Si… mes honoraires et ceux de « mes équipes » d’ingénieurs-experts
ainsi que ceux de quelques intermédiaires.
Il y a plusieurs raisons possibles d’une décrépitude entrepreneuriale.
« La boutique » s’est fait piquer une partie de son marché par plus
performant. Le classique. Elle n’a pas su communiquer, elle n’a pas su
s’adapter, elle n’a pas su réduire ses coûts et/ou apporter une « valeur-ajoutée »
supplémentaire à son activité avec « effet commercial ».
C’est ce qui va arriver à la SNCF où, si rien n’est fait, d’unique actrice
d’un « marché-captif » elle va devoir souffrir de l’arrivée d’une
concurrence encore incertaine et floue.
Naturellement, comme pour la SNCM (la compagnie transméditerranéenne
chargée de la continuité-continentale d’avec la
« Corsica-Bella-Tchi-Tchi ») qui a fini par disparaître malgré les
tombereaux de subventions sous lesquels elle croulait (du bon
impôt-gauloisien !) sous les coups portés par la concurrence italienne et
« Corsica Ferry » (siège social à Bastia…) qui fête ses 50 ans
d’existence cette année. Le « monopole » disparaissant (une
signature du ministre des transports, « coco-stalinien » à l’époque
aura suffi), la valse des dirigeants mandatés par des actionnaires
« frileux » et piégés, elle ne pouvait pas survivre dans son
organisation historique.
Le problème de la SNCF, c’est que sa « réforme » reste timide,
calquée sur celle de « Trans-Télécom », alors que les
syndicats-ouvriers préféreraient une réforme type EDF.
Des « modèles » inapplicables pour « Air-Transe »,
tellement les écarts de salaires à « gérer » restent importants.
Trois fonctions donc : La production, la vente, la gestion.
Si tu ne produits rien, tu ne vends pas ou tu deviens
« broker ».
Si tu produits et que tu ne sais pas le vendre, tu meurs.

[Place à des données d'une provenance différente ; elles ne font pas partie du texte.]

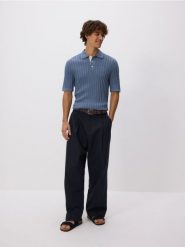 Strukturalny sweter polo - niebieski. Niebieskie swetry męskie Reserved, l, bez wzorów, z bawełny, bez kołnierzyka, bez ramiączek. W wyprzedaży za 79.99 zł.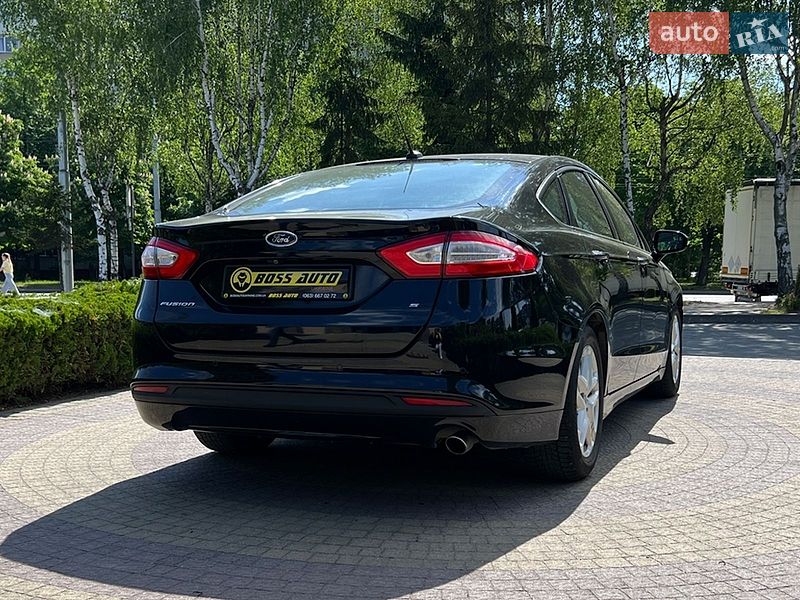Седан Ford Fusion 2016 в Львові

Si tu ne sais pas gérer, pas la peine ni de vendre, ni de produire, tu
couleras aussi sûrement que l’éphémère compagnie aérienne « Air
Lib’ » confiée à Jean-Charles Corbet, dit « Big-Moustache »,
patron du SNPL au moment des grèves « d’Air-Transe » de 1998, en
amont du mondial de foot du moment…
Un cas classique d’organisation : Tu mets un ingénieur à la tête
d’une boîte, il va te sortir des petits-bijoux des ateliers (c’est le cas de la
plupart des « start-up » : Je sais, j’en ai accompagné), mais
comme Citroën, il va se faire avaler.
Tu mets un « financier » à la tête des hypermarchés
« Euromarché » (un banquier attiré par le « cash ») et
l’enseigne disparaît.
Tu mets un « vendeur » comme chez Codec, Félix-Potin ou les
Luce, ça te fait un empire et puis quand les enfants ne savent plus vendre, ça
meurt et disparaît.
Et puis alors quand tu mets un « technocrate » de « sachant »,
censé savoir faire la « synthèse » des trois métiers, quand ça
marche, ça fait Renault, Simca-1000-Pigeot, Dassault, et quand ça foire, ça
fait Carrouf (ils ont fini par jeter le leur pour survivre) ou Moulinex.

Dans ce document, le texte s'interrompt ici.